Welcome to the ISC 2025 Sustainable Supercomputing workshop!
Providing a sustainable path for supercomputing is a pressing topic for our community, industry, and governments. Supercomputing has an insatiable appetite for computational cycles, while we face increasing challenges of delivering performance per Watt advances with silicon technology trends. All within the context of climate change, the drive towards net-zero, and economic pressures driven by geo-political challenges.
Improving the sustainability of supercomputing provides many opportunities when the end-to-end cycle is considered. From the design of computational circuits and systems; to the power and cooling that is used to operate them, along with the suite of software tools used to administrate, maintain, and raise operational efficiency of HPC systems. All elements of the system must be considered, from compute nodes and interconnects, to IO and storage components of the system.
This workshop will gather users, researchers, hardware and software developers to address opportunities and challenges of sustainability in the supercomputing context.
Agenda
Friday 13th June :
2.00pm : Introduction to workshop
2.05pm-2.50pm : Keynote : The journey from Fugaku to Fugato_next from an energy efficiency/sustainability perspective
Keiji Yamamoto, Unit leader of Advanced Operation Technology Unit, Operations and Computer Technologies Division, R-CCS, RIKEN.

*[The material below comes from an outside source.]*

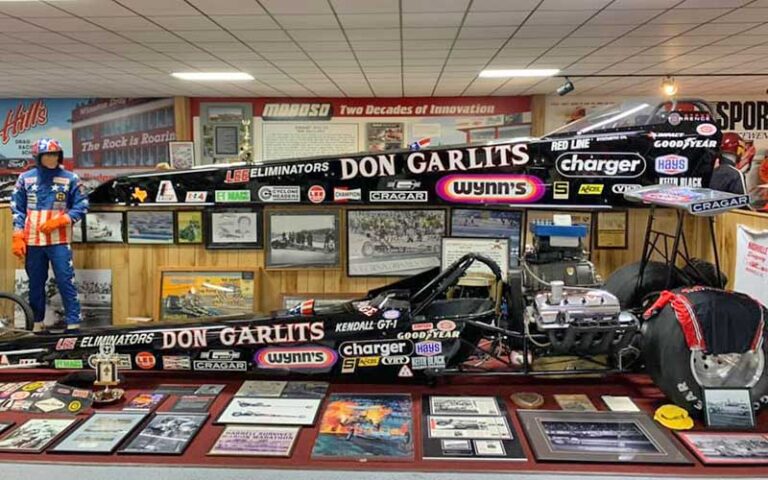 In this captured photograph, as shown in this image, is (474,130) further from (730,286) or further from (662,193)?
(662,193)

Keiji was a technical lead of the feasibility study of facility design for Fugaku-next, which is scheduled to be available in 2030.
The feasibility study includes renewable energy awared facility design, heat reuse, energy storage and system operation for energy efficiency.
Keiji also is going to be the unit leader of the unit which is responsible for facility construction of the Fugaku-next R&D project
2.50pm-3.15pm – A European Supercomputing Center Perspective: 𝗚𝗿𝗲𝗲𝗻 𝗧𝗼𝗱𝗮𝘆, 𝗚𝗿𝗲𝗲𝗻𝗲𝗿 𝗧𝗼𝗺𝗼𝗿𝗿𝗼𝘄
Maximilian Höb is a researcher at the Leibniz Supercomputing Centre (LRZ) of the Bavarian Academy of Sciences and Humanities, focusing on containerized HPC applications, energy efficiency, and quantum computing integration. As part of his research, he investigates resource usage and scalability in container-based HPC environments and contributes to projects on hybrid workflows. His work supports the development of sustainable, exascale-ready infrastructures for scientific computing.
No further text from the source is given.